Compute $r_k=\frac{Ared_k}{Pred_k}$. If $r_k\ge p_0$, set $ x_{k+1}=x_k+d_k$ and compute $\mu _{k+1}$ by (1.9); Otherwise, set $x_{k+1}=x_k$ and compute $\mu _{k+1}=c_0\mu _k$. Set $k:=k+1$ and go to step 2.

To study the global convergence of Algorithm 2.1, we make the following assumption.

Assumption 2.1

F(x) is continuously differentiable, both F(x) and its Jacobian J(x) is Lipschitz continuous, i.e., there exist positive constants $L_1$ and $L_2$ such that

$$\begin{aligned} \Vert J(x)-J(y)\Vert \le L_1\Vert y-x\Vert ,\quad \forall x,y\in R^n \end{aligned}$$

(2.2)

and

$$\begin{aligned} \Vert F(x)-F(y)\Vert \le L_2\Vert y-x\Vert ,\quad \forall x,y\in R^n. \end{aligned}$$

(2.3)

Due to the result given by Powell [10], we have the following lemma.

Lemma 2.1

The predicted reduction satisfies

$$\begin{aligned} \Vert F_k\Vert ^2-\Vert F_k+J_kd_k\Vert ^2\ge \Vert J^T_kF_k\Vert \min \left\{ \Vert d_k\Vert ,\frac{\Vert J_k^TF_k\Vert }{\Vert J^T_kJ_k\Vert }\right\} \end{aligned}$$

(2.4)

for all k.

Lemma 2.1 implies that the predicted reduction is always nonnegative.

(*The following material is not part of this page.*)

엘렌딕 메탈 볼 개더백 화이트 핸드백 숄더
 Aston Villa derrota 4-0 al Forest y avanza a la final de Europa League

In the following, we first prove the weak global convergence of Algorithm 2.1, that is, at least one accumulation point of the sequence generated by Algorithm 2.1 is a stationary point of the merit function $\phi (x)$.

Theorem 2.1

Under Assumption 2.1, Algorithm 2.1 terminates in finite iterations or satisfies

$$\begin{aligned} \liminf _{k\rightarrow \infty }\Vert J_k^TF_k\Vert =0. \end{aligned}$$

Proof

We prove by contradiction. Suppose that there exists a constant $\tau >0$ such that

$$\begin{aligned} \Vert J_k^TF_k \Vert \ge \tau , \quad \forall k. \end{aligned}$$

(2.5)

Define the index set of successful iterations:

$$\begin{aligned} S=\{k: r_k \ge p_0 \}. \end{aligned}$$

We discuss in two cases.

Case I. S is infinite. Since $\Vert F(x)\Vert $ is nonincreasing and bounded below, it follows from (2.3) and (2.4) that

$$\begin{aligned} +\infty >&\sum _{k\in S} (\Vert F_k\Vert ^2-\Vert F_{k+1}\Vert ^2)\nonumber \\ \ge&\sum _{k\in S} p_0 (\Vert F_k\Vert ^2-\Vert F_k+J_kd_k\Vert ^2)\nonumber \\ \ge&\sum _{k\in S} p_0\Vert J^T_kF_k\Vert \min \left\{ \Vert d_k\Vert ,\frac{\Vert J_k^TF_k\Vert }{\Vert J^T_kJ_k\Vert }\right\} \nonumber \\ \ge&\sum _{k\in S} p_0\tau \min \left\{ \Vert d_k\Vert , \frac{\tau }{L_2^2}\right\} . \end{aligned}$$

(2.6)

So,

$$\begin{aligned} \lim _{k\in S, k\rightarrow \infty } d_k=0. \end{aligned}$$

(2.7)

Note that $d_k=0$ for $k\notin S$, we have

$$\begin{aligned} \lim _{k\rightarrow \infty } d_k=0. \end{aligned}$$

(2.8)

Since $\Vert J_k\Vert \le L_2$ and $\Vert F_k\Vert \le \Vert F_0\Vert $, by (2.1), we have

$$\begin{aligned} \mu _k\rightarrow +\infty . \end{aligned}$$

(2.9)

On the other hand, it follows from (2.3) and (2.4) that

$$\begin{aligned} |r_k-1|=&\left| \frac{Ared_k-Pred_k}{Pred_k}\right| \nonumber \\ =&\frac{|\Vert F(x_k+d_k)\Vert ^2-\Vert F_k+J_kd_k\Vert ^2|}{Pred_k} \nonumber \\ \le&\frac{\Vert F_k+J_kd_k\Vert O(\Vert d_k\Vert ^2)+O(\Vert d_k\Vert ^4)}{\tau \min \{\Vert d_k\Vert ,\tau /L_2^2\}} \nonumber \\ \rightarrow&0. \end{aligned}$$

(2.10)

So, $r_k\rightarrow 1$. Thus, $\mu _k$ is updated by (1.9) and $\Vert J_k^TF_k\Vert >p_2/\mu _k$ for all sufficiently large k. Hence, $\mu _k=\max \left\{ c_1\mu _k,m\right\} $ for all large k. Note that $0<c_1<1$, there exists a positive constant $\tilde{c}$ such that

$$\begin{aligned} \mu _k< \tilde{c} \end{aligned}$$

for all large k. This is a contradiction to (2.9).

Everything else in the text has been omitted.